Casualties and losses
- Unknown: 10,000 killed

= Southern Front counteroffensive =

The August counter-offensive of the Southern Front (14 August – 12 September 1919) was an offensive during the Russian Civil War by the troops of the Southern Front of the Red Army against the White Guard troops of Anton Denikin. Combat operations were conducted by two offensive groups, the main blow was aimed towards the Don region. The troops of the Red Army were unable to carry out the assigned task, but their actions delayed the subsequent offensive of Denikin's army.

== Prelude ==
On 3 July 1919, Anton Denikin issued a directive for an offensive against Moscow, planning to inflict the main blow by the Volunteer Army through Kursk, Orel, and Tula. Red Army troops conducted defensive battles on a front of some 1400 km long and by the beginning of August were able to stop the advance of the Whites at Novoukrainka, Romodan, Oboyan, Liski, Borisoglebsk, north Kamyshin, Vladimirovka and Chyorny Yar. After this, the Red troops began to prepare to launch a counter-offensive.

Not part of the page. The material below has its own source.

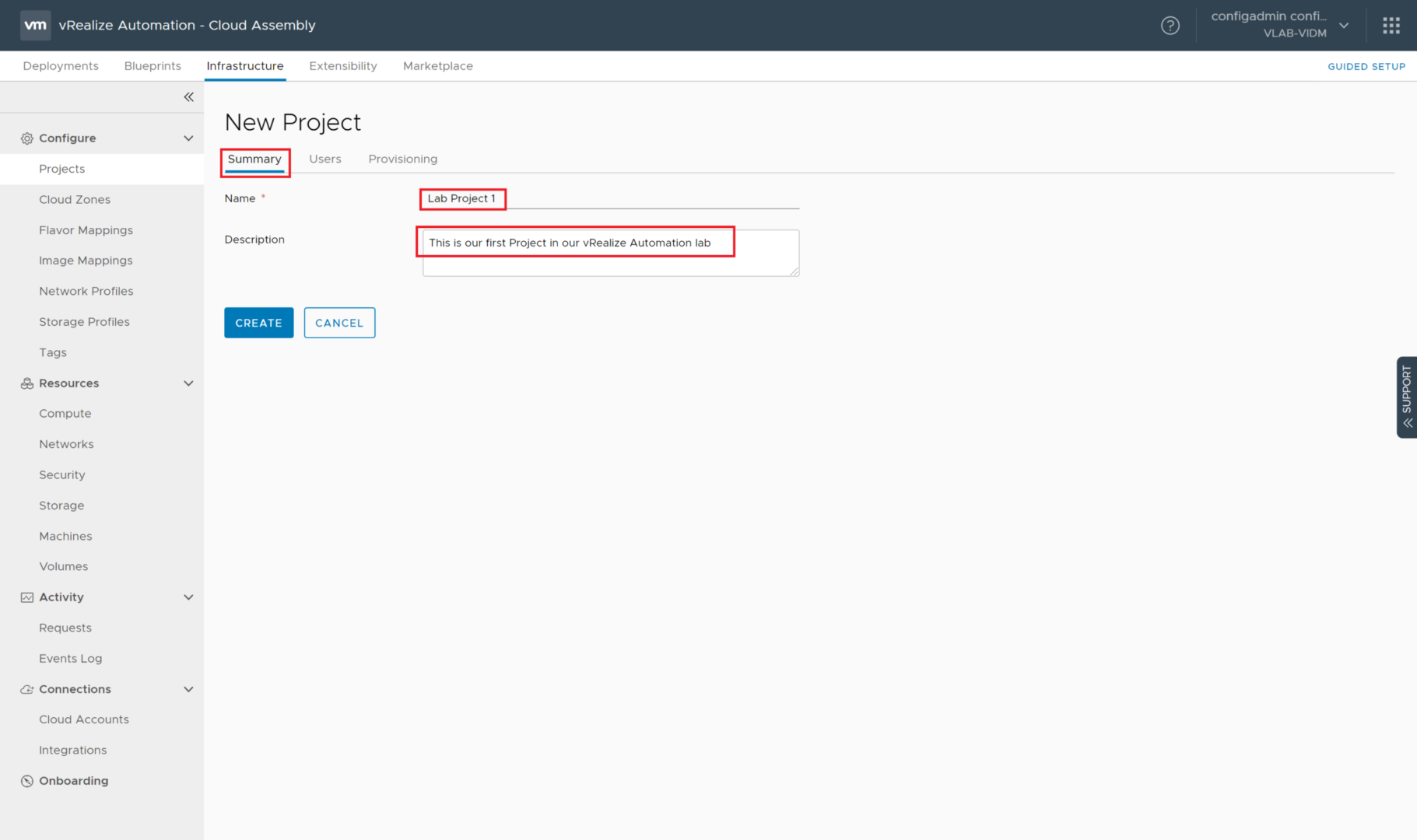 vRealize Automation 8.0 - Cloud Assembly - Projects - New Project - Summary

According to Peter Kenez, "The great defeats forced the Bolsheviks to pay closer attention to the Southern front. Since Kolchak was already in retreat, they began to transfer some of their troops there from the East. Trotskii now spent most of his time in the South." Though opposed by Trotskii, Sergey Kamenev implemented a plan that involved attacking through Tsaritsyn, Novocherkassk, and Rostov.

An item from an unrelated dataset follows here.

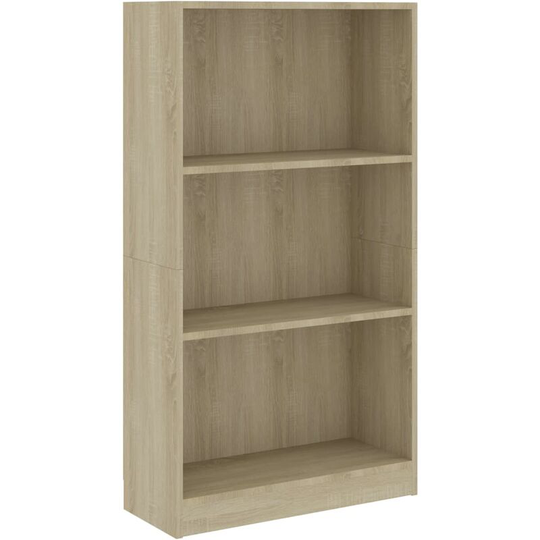 3-Tier Book Cabinet Sonoma Oak 60x24x109 cm Engineered Wood Vidaxl Brown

== Alignment of forces and plan of attack ==
By 15 August, the number of troops of the Southern Front of the Red Army, commanded by Vladimir Yegoryev, was 150,500 bayonets (infantry), 15,000-18,000 sabers (cavalry), 719 guns, and 3,197 machine guns. In the fortified areas there were an extra 35,000 bayonets and sabers, 129 guns, 184 machine guns, and more than 50,000 soldiers in reserve.

The AFSR forces operated under the general command of General Anton Denikin, and were composed of the Don Army, commanded by General Vladimir Sidorin; the Caucasus Army, commanded by General Pyotr Wrangel; and part of the Volunteer Army, commanded by Vladimir May-Mayevsky. The total number of these troops was 100,960 bayonets, 43,250 sabers, and 303 guns.

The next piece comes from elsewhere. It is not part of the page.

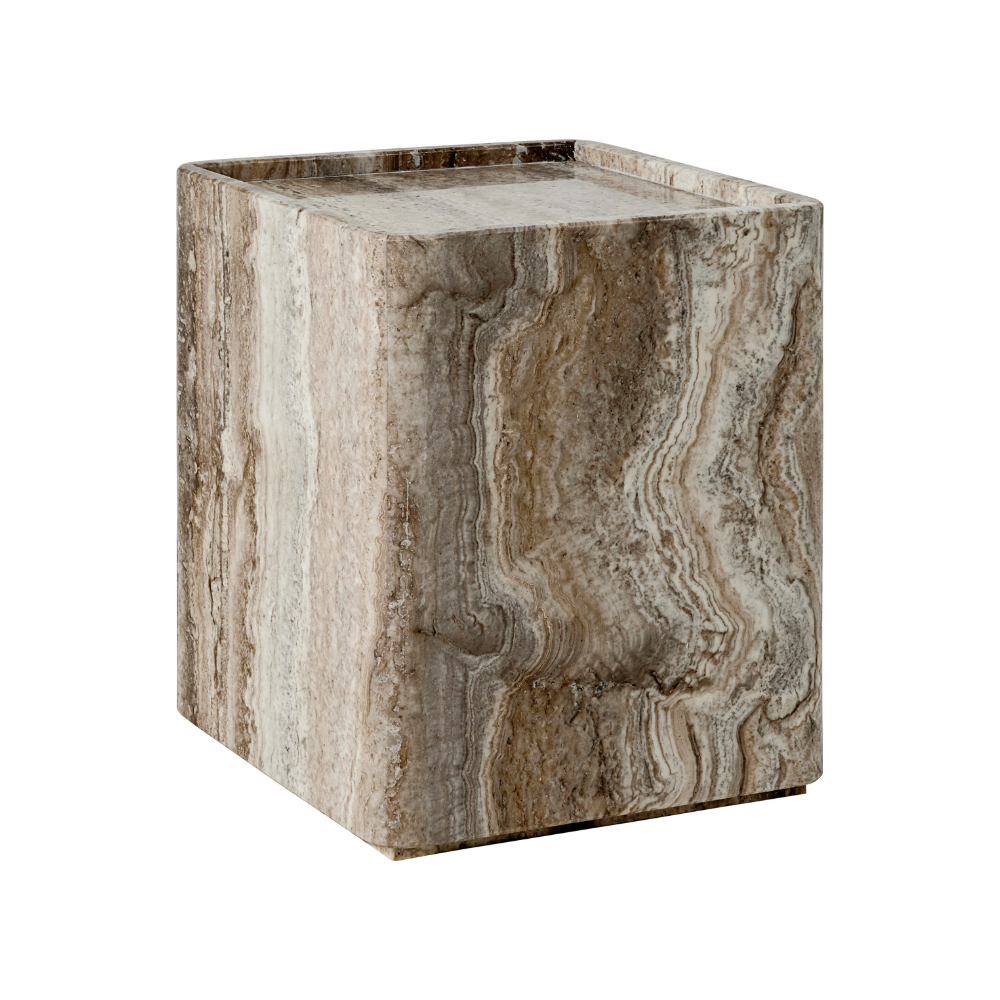 PIETRA gray travertine side table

The main blow in the upcoming offensive was planned to be inflicted on Novocherkassk and Rostov-on-Don by the left flank of the Southern Front, in particular the Special group of Vasily Shorin composed of the 9th and 10th armies and the Cavalry Corps of Semyon Budyonny – 52,500 bayonets, 2,500-3,500 sabers, 314 guns, and 1,227 machine guns. An auxiliary strike against Kupiansk was to be executed by the Special Group of Vladimir Selivachyov composed of the 8th Army, 3rd and 42nd Infantry Division of the 13th Army – 49,700 bayonets, 3,900-4,200 sabers, 268 guns, and 1,381 machine guns. The total length of the front of the offensive was 760 km. The 14th Army was to support the offensive of Selivachev's group, by attacking Lozovaya.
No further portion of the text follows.